TASK PROMPT:
Return the data that follows exactly as it appears. Pictures do not belong in the copy.

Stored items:
::::

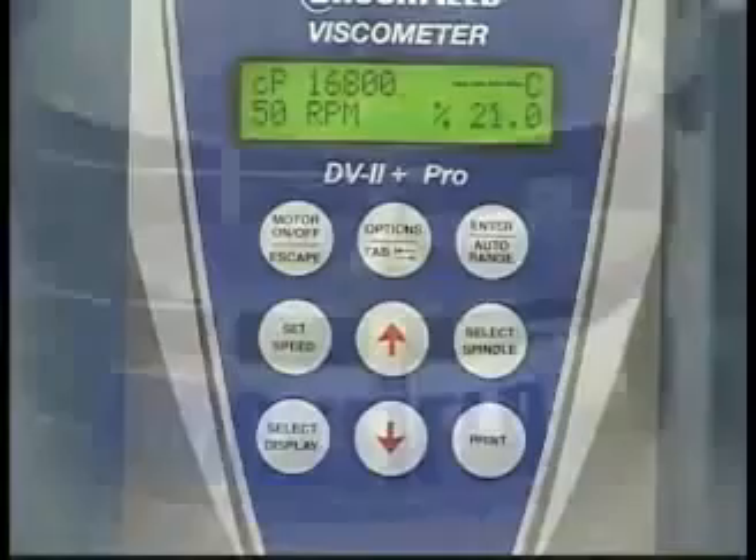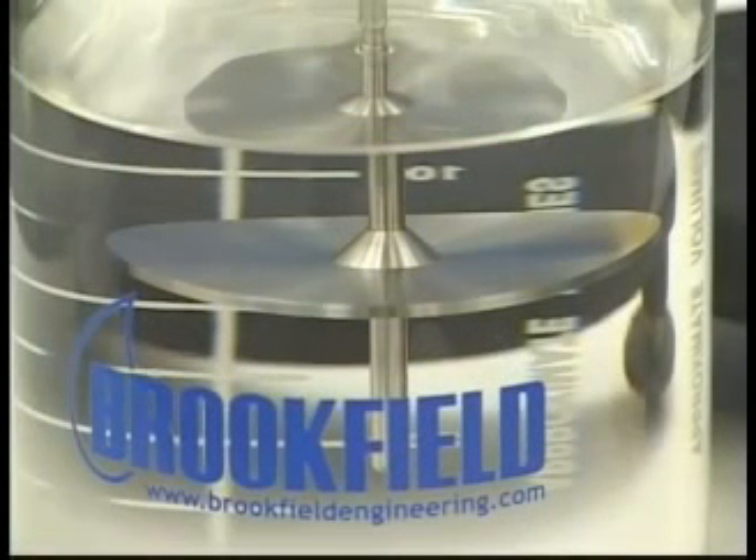Press the motor on button to rotate the spindle. If you need to take readings at multiple speeds, repeat the same process.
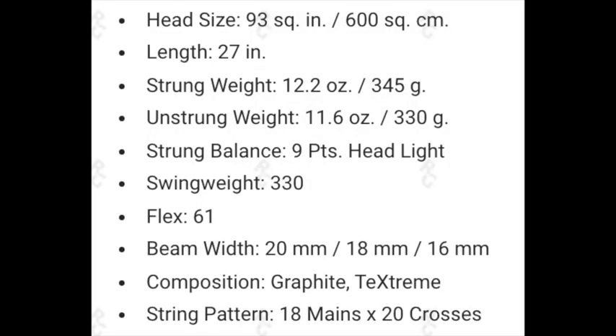Going over some of the specs of this racket — some key things to know is that this is a mid-sized racket, meaning it has a smaller head shape than what you're usually going to see on the market. Most rackets selling right now are between 98 to 100 square inches, but this one kicks it old school with a 93 square inch head size. I used to love hitting with 93 square inch rackets — one of my favorites was the K Blade Tour, also a 93, so I was super excited when I saw this.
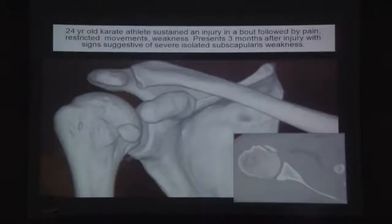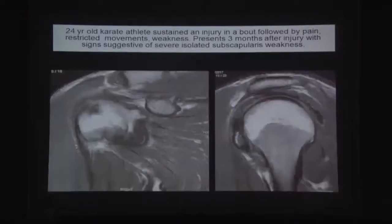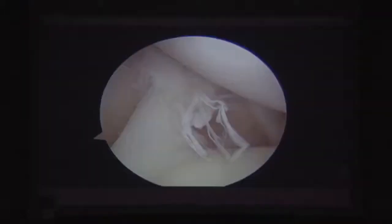A case example: a 24-year-old karate athlete with a lesser tuberosity avulsion fracture that is three months old with severe subscapularis weakness. On MRI the fragment is attached to the subscapularis, and coronal views show the retracted subscapularis. The supraspinatus is intact.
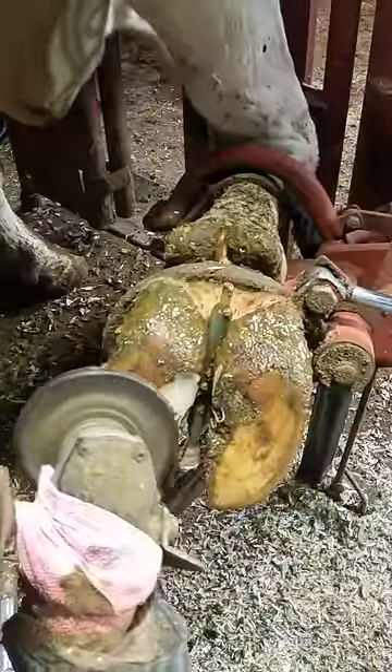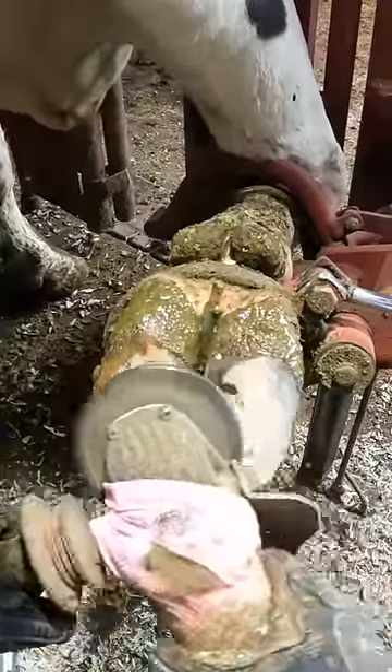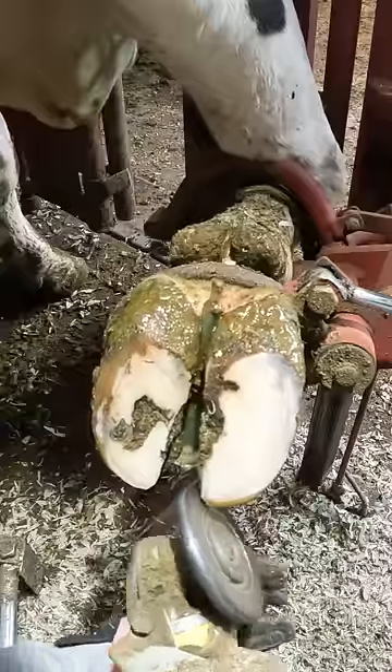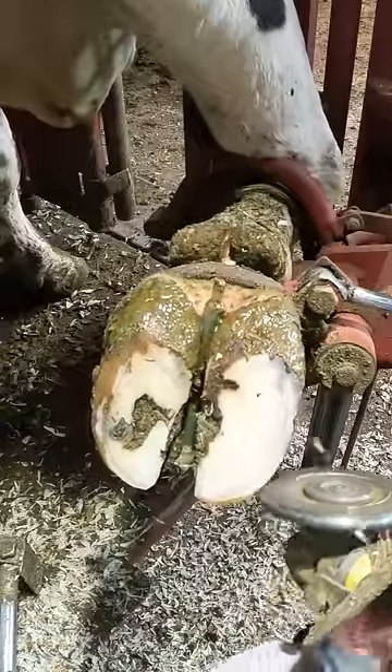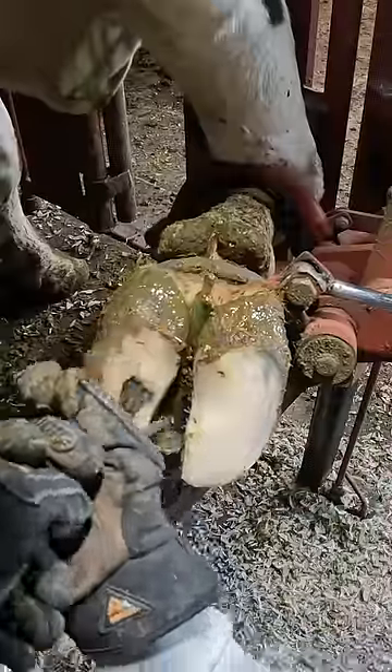Starting off, this is just a maintenance trim, 100 days in lactation. We like to keep them balanced, do little touch-ups, not have to make major changes, and not have to work on lame cows. Sometimes we find would-be problems that we catch early and prevent from going any further.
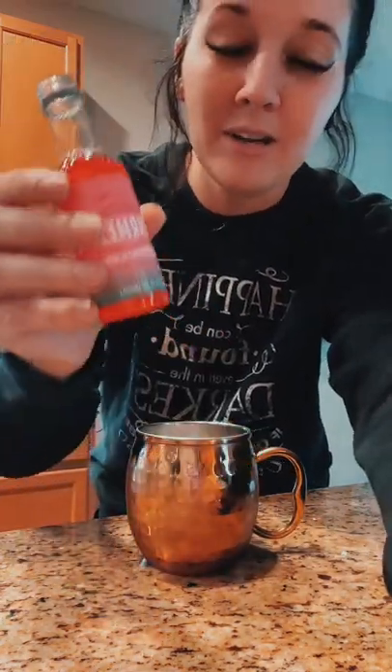I always have some bar syrups. This is a watermelon one — it is a little sweet, but I'm gonna put about an ounce of that right on top.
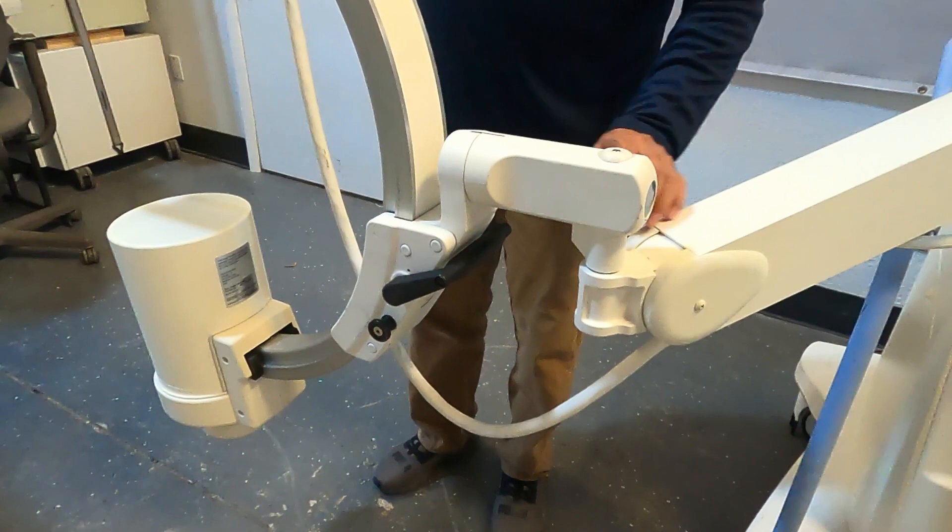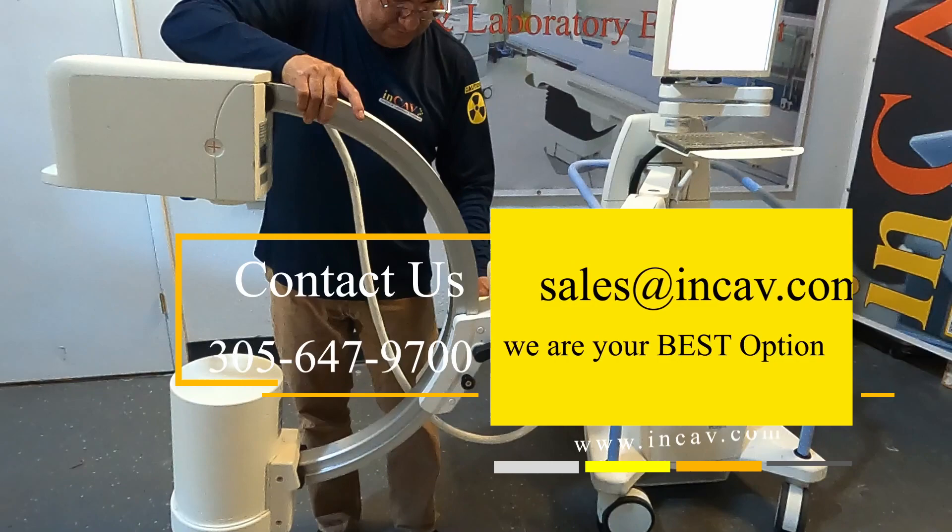This is the brake. Just release and move the C-arm into the right position, then lock it back again so it doesn't move during the procedure.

::::

RESULT OF THE TASK:
Press the motor on button to rotate the spindle. If you need to take readings at multiple speeds, repeat the same process.
Going over some of the specs of this racket — some key things to know is that this is a mid-sized racket, meaning it has a smaller head shape than what you're usually going to see on the market. Most rackets selling right now are between 98 to 100 square inches, but this one kicks it old school with a 93 square inch head size. I used to love hitting with 93 square inch rackets — one of my favorites was the K Blade Tour, also a 93, so I was super excited when I saw this.
A case example: a 24-year-old karate athlete with a lesser tuberosity avulsion fracture that is three months old with severe subscapularis weakness. On MRI the fragment is attached to the subscapularis, and coronal views show the retracted subscapularis. The supraspinatus is intact.
Starting off, this is just a maintenance trim, 100 days in lactation. We like to keep them balanced, do little touch-ups, not have to make major changes, and not have to work on lame cows. Sometimes we find would-be problems that we catch early and prevent from going any further.
I always have some bar syrups. This is a watermelon one — it is a little sweet, but I'm gonna put about an ounce of that right on top.
This is the brake. Just release and move the C-arm into the right position, then lock it back again so it doesn't move during the procedure.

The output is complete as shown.